How Catton's life changed after Man Booker win
Eleanor Catton would like very much to write another novel, but is now too busy doing all the things that come with being internationally acclaimed.
In her case, one of those other activities was having her achievements celebrated at Government House in Wellington today at an investiture ceremony hosted by Governor-General Sir Jerry Mateparae and Lady Janine Mateparae.
Catton was made a Member of the New Zealand Order of Merit for services to literature in the New Year honours.
She has been in demand since winning the 2013 Man Booker Prize for her novel, The Luminaries. It is set on the West Coast during the gold rush of the 1860s.
When she's not doing her part-time job as a creative writing lecturer at the Manukau Institute of Technology (MIT), she could well be overseas on a book tour.
She was off to Britain next week where she would visit various festivals, Catton said after the ceremony today.
Some events on the tour would be attended by the Man Booker judges, whom she had never met.
"They know the book quite well, actually, having had to read it three times during the judging process," Catton said.
She had been to overseas festivals in Canada and Australia.
"There's some pretty exciting ones lined up.
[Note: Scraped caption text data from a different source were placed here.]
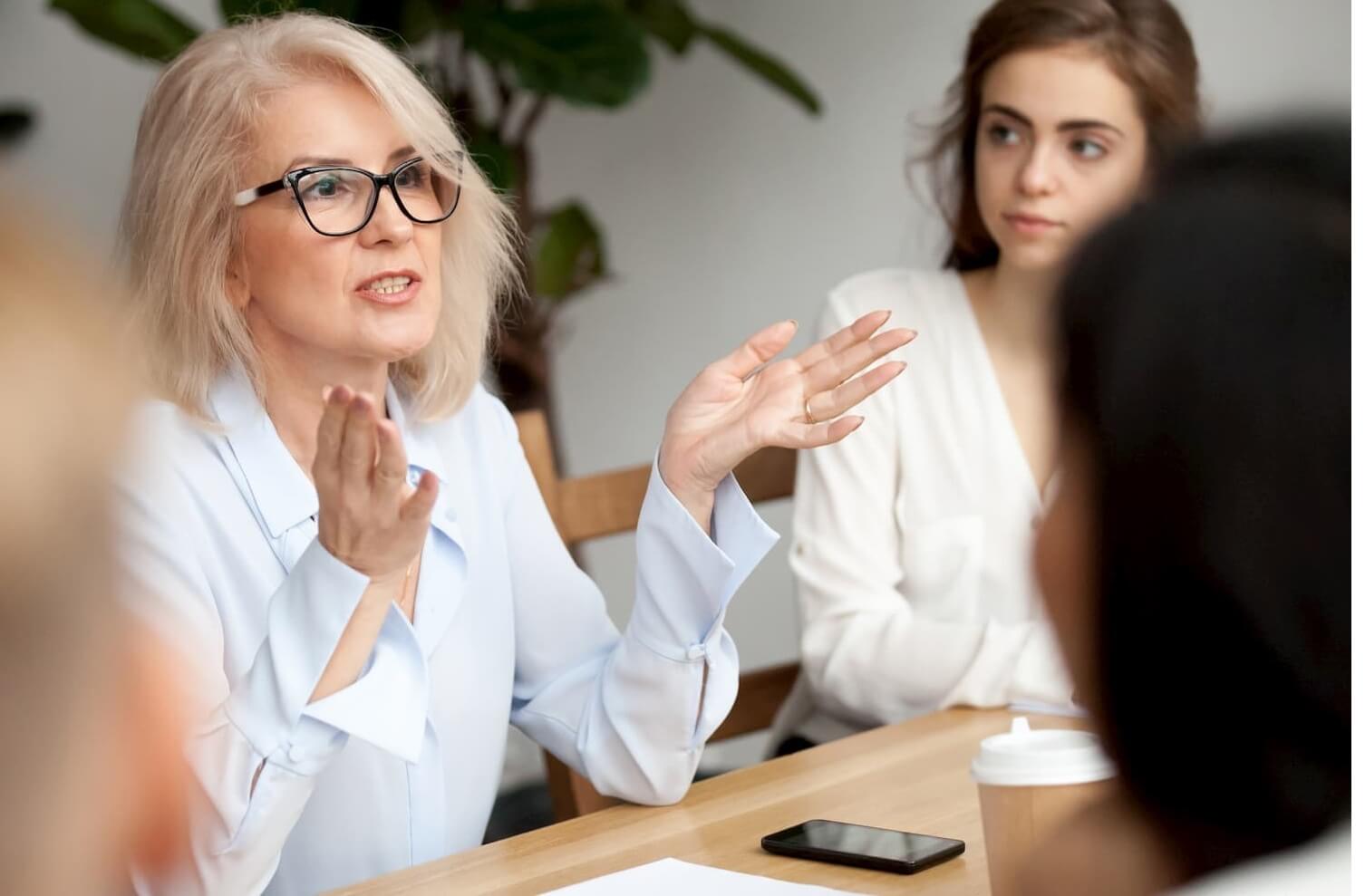 Female, senior executive leading a HR meeting on organisation values and strategy.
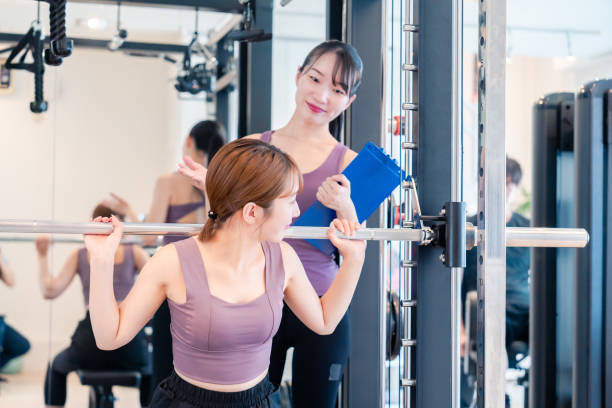 istock Woman undergoing personal training with a female coach at a gym 2206609925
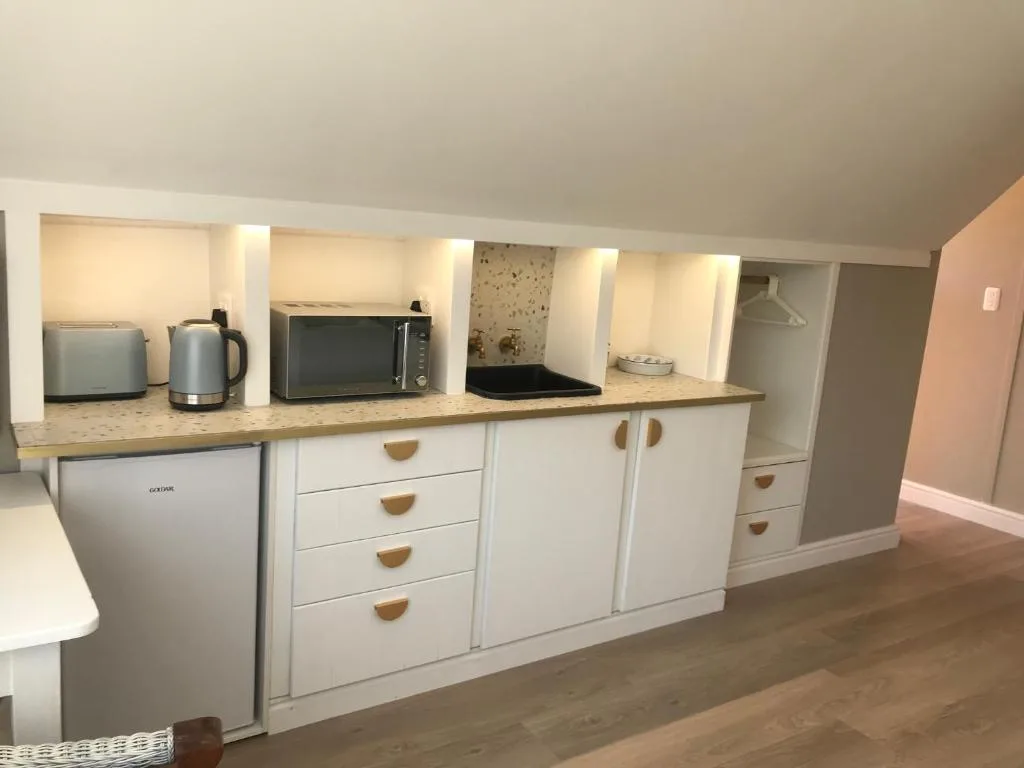 Modern kitchenette with white cabinetry, granite countertop, and integrated appliances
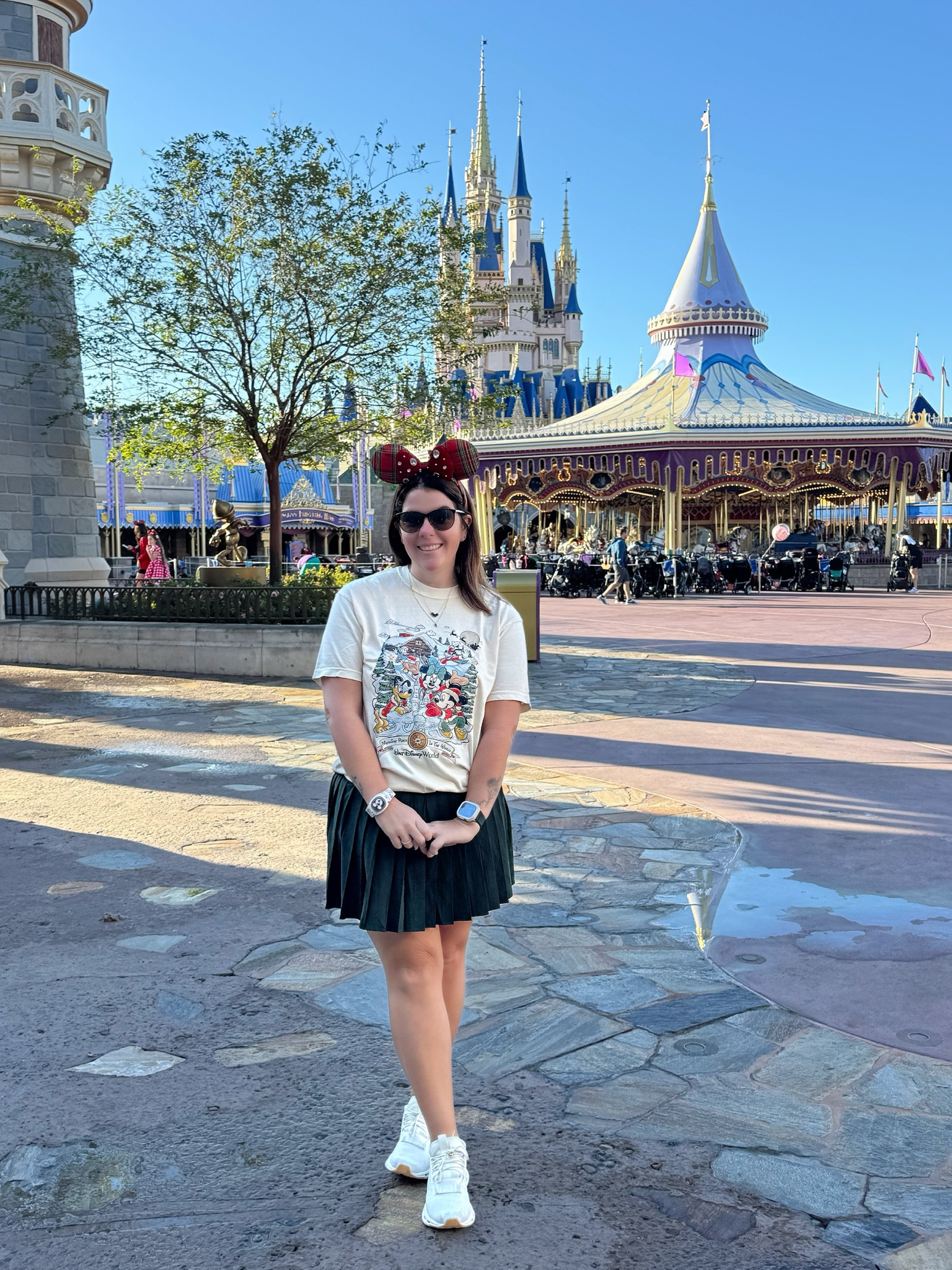 A Disney Holiday OOTD! I found this cute Disney Holiday tee on Etsy and it was a win for a day at Magic Kingdom! I paired the tee with this gorgeous, green athletic skirt from Lululemon! Everything runs TTS and I will link everything! 

#LTKStyleTip #LTKTravel #LTKHoliday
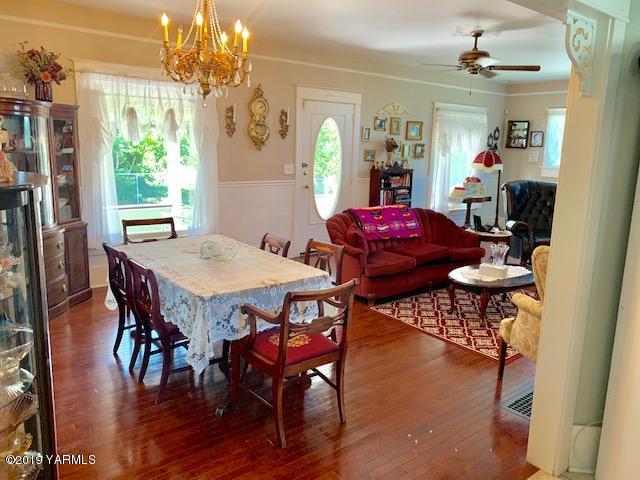 341 Heikle Road Wapato, WA 98951 - Photo 21 of 29 a view of a dining room with furniture window and wooden floor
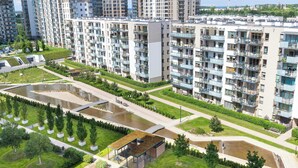 Un immeuble résidentiel de grande hauteur doté de nombreux balcons, d’une cour intérieure agrémentée d’éléments aquatiques et entouré de verdure.
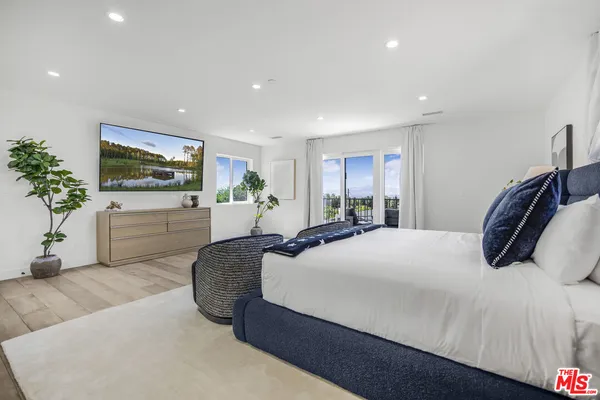 a bedroom with a large bed and a flat screen tv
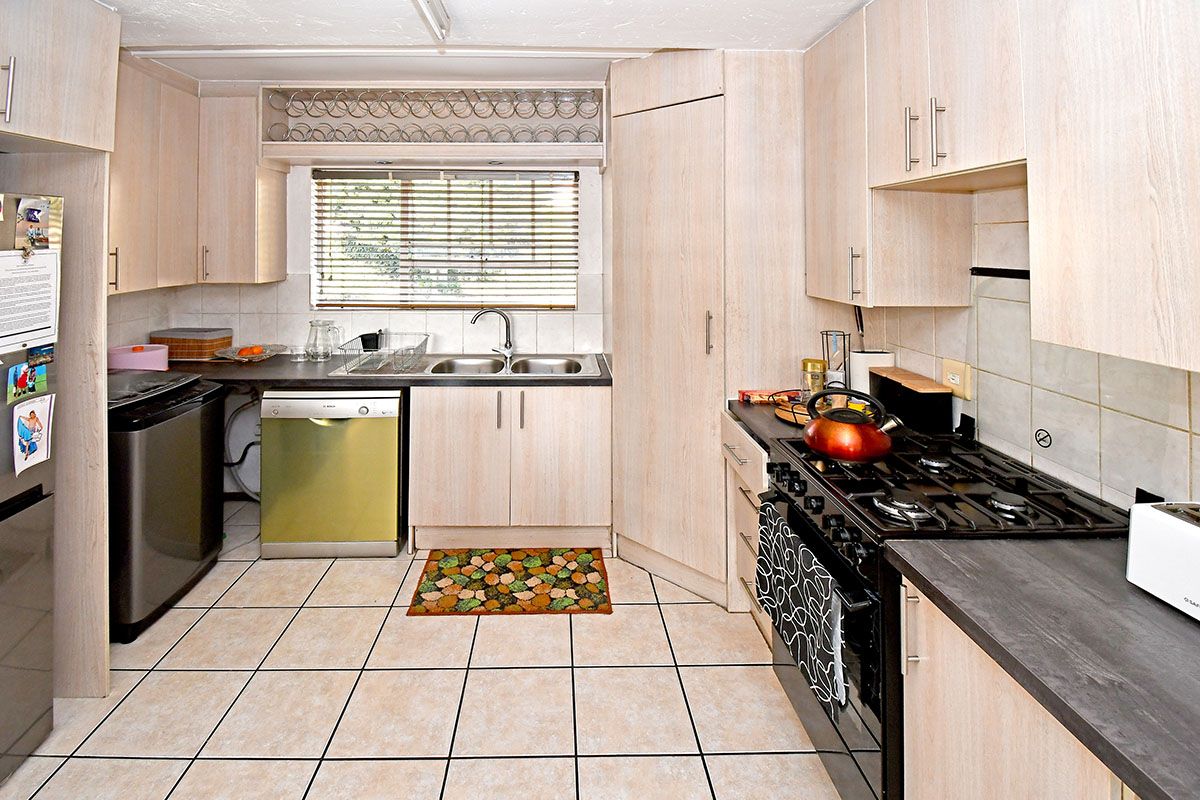 Functional kitchen featuring light wood-look cabinetry, tiled flooring, a gas hob, and a double bowl sink with a window view.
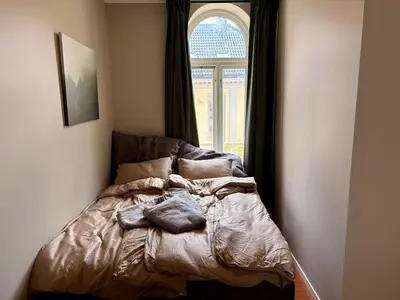 a bed in a room with a window at Apartment in apartment building, close to the train station in Bergen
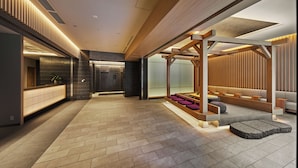 A modern interior with a reception desk, seating area, and a hallway. - MIMARU Osaka Namba Station Annex (Opens on October 1, 2026) (Osaka)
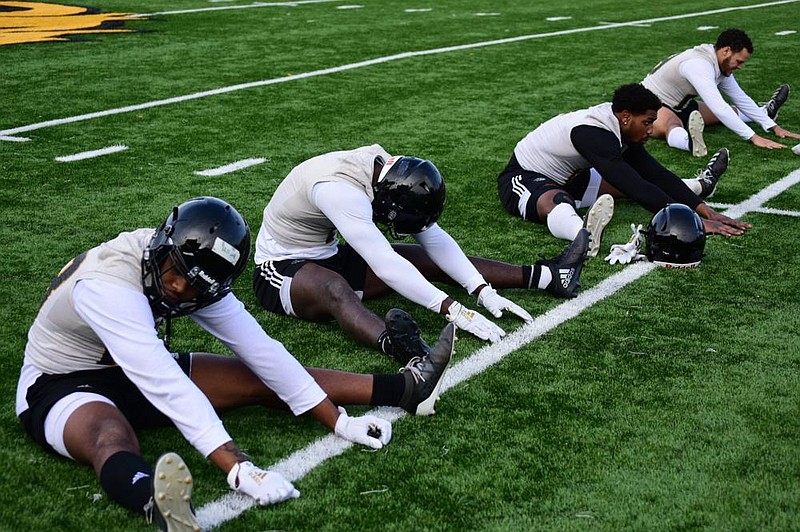 University of Arkansas at Pine Bluff receivers Dalyn Hill (from left), Harry Ballard III, Jeremy Brown and Darryl Carter warm up before the start of preseason camp Friday at Simmons Bank Field in Pine Bluff. 
(Pine Bluff Commercial/I.C. Murrell)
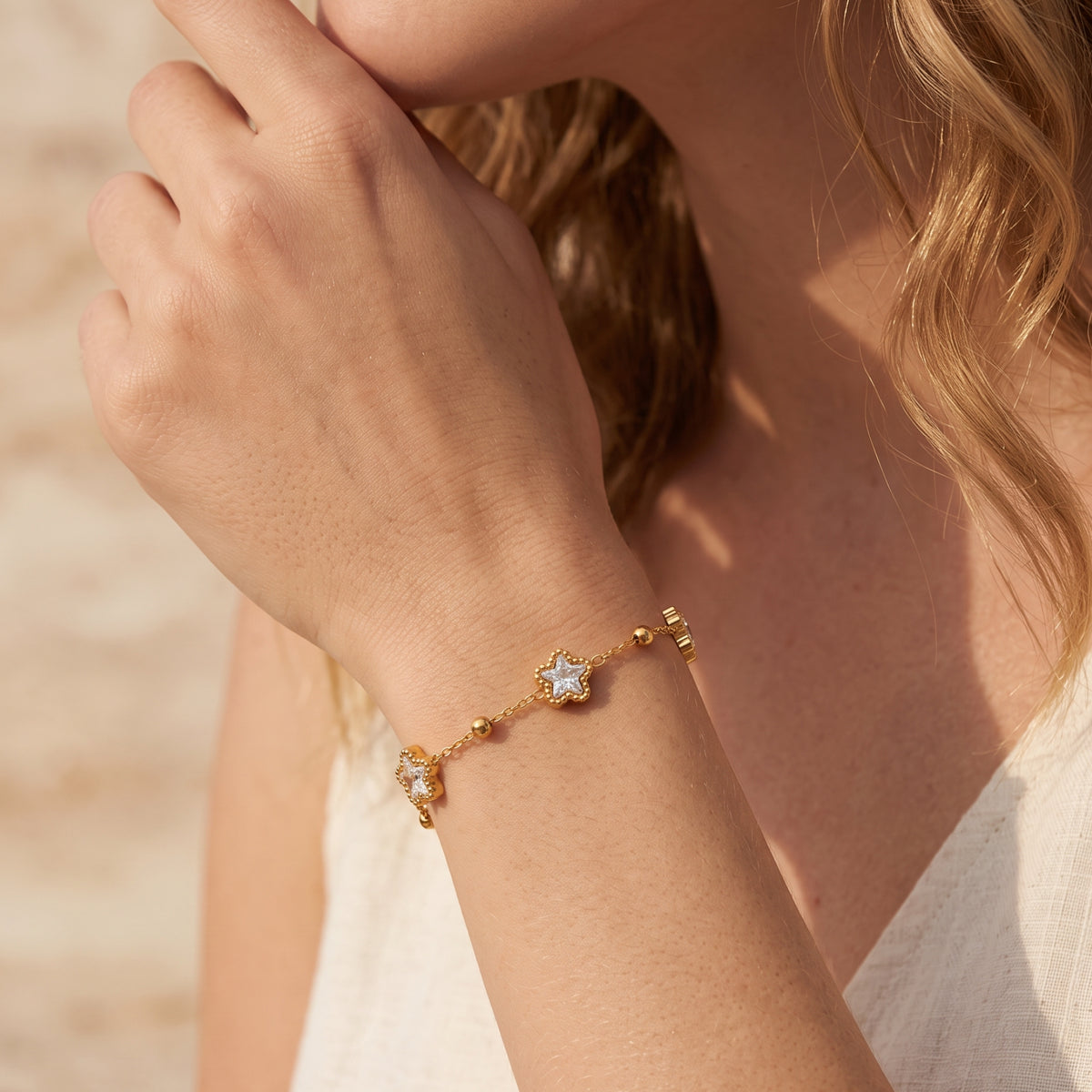 Angled close-up of a woman wearing the gold-tone star station bracelet on her wrist near her face.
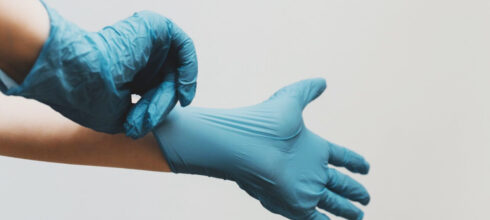 hands putting on nitrile gloves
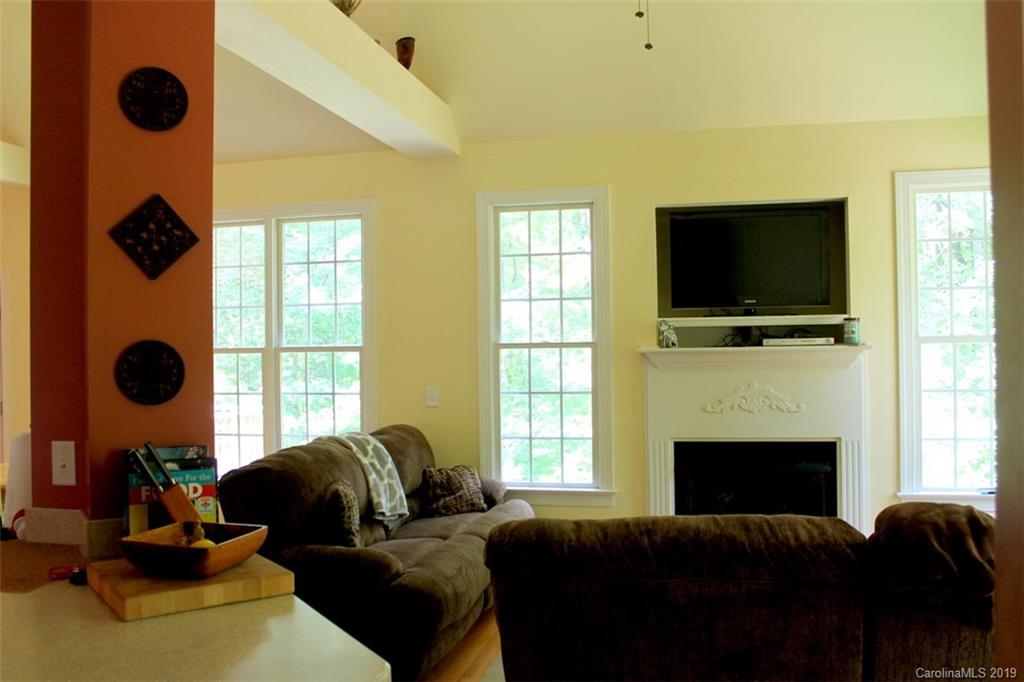 220 Beechtree Circle Rutherfordton, NC 28139 - Photo 12 of 26 a living room with furniture a flat screen tv and a fireplace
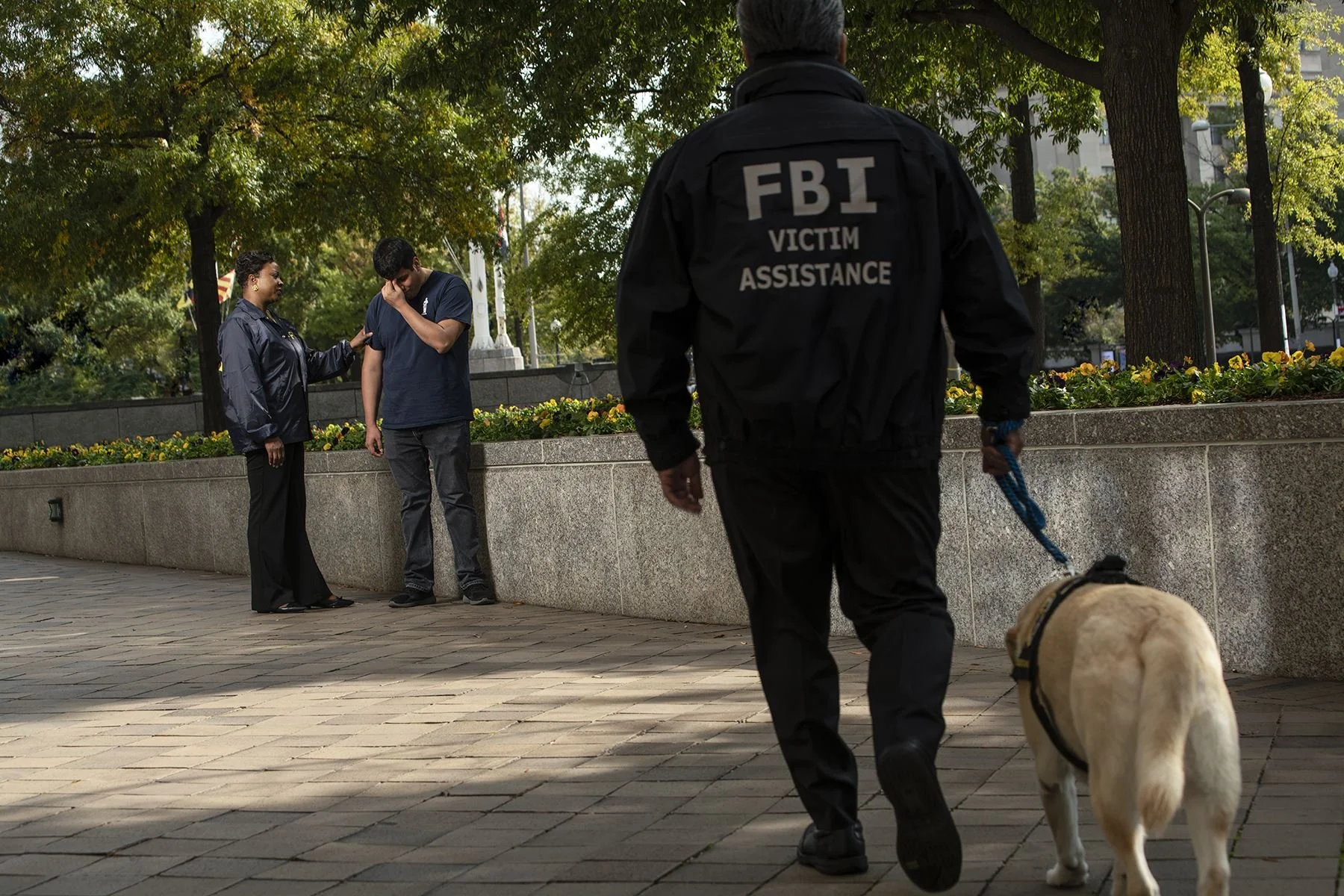 FBI Victim Assistance agent walking a service dog in front of a memorial park, where a woman and a man are in a moment of mourning or reflection.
I'm off to Brazil later on this year, and to Sweden, countries I've never visited before."
MIT had been "completely generous", allowing her to juggle her other engagements with her teaching work.
This year, she would not be teaching a full class until the next term starting in late April.
Some aspects of her life had changed considerably since winning the Man Booker award.
"Getting recognised is pretty weird, I'm not used to that," Catton said.
"It's usually just so lovely. People coming up to say 'Hi', and just saying they've read the book, or they know somebody who's read the book.
"That's been really positive and wonderful."
Other parts of her life had not changed.
"I'm still in the same flat that I've been living in in Auckland. My cats don't care about the Booker prize, except for something to knock over."
She had no time to do more writing.
"I'd love to write another novel sooner rather than later, but at the moment teaching takes up easily half my time ... and the other half is organising the public side of promoting a book."
The success of The Luminaries had been financially worthwhile, "completely astonishing, actually".
Others being celebrated today included Sir Bob Parker, Christchurch mayor during the quakes, who was made a Knight Companion of New Zealand Order of Merit for services to local body affairs and the community, and former managing director of iconic Christchurch department store Ballantynes, Richard Ballantyne who was made a Companion of the New Zealand Order of Merit.
Dick Tayler, who won the 10,000 metres at the 1974 Commonwealth Games in Christchurch, was made a Member of the New Zealand Order of Merit for services to athletics. Amazing Race host Phil Keoghan was also made a member of the order for services as a television presenter and to tourism.
Several people who received bravery awards were honoured, with particularly sustained applause for Christchurch woman Lois Kennedy who was in her early 80s when, armed with a hearth brush, she took on a man attacking his mother with a blunt samurai sword.
Kennedy was in a wheelchair today, but stood, with help from the governor-general, when being honoured.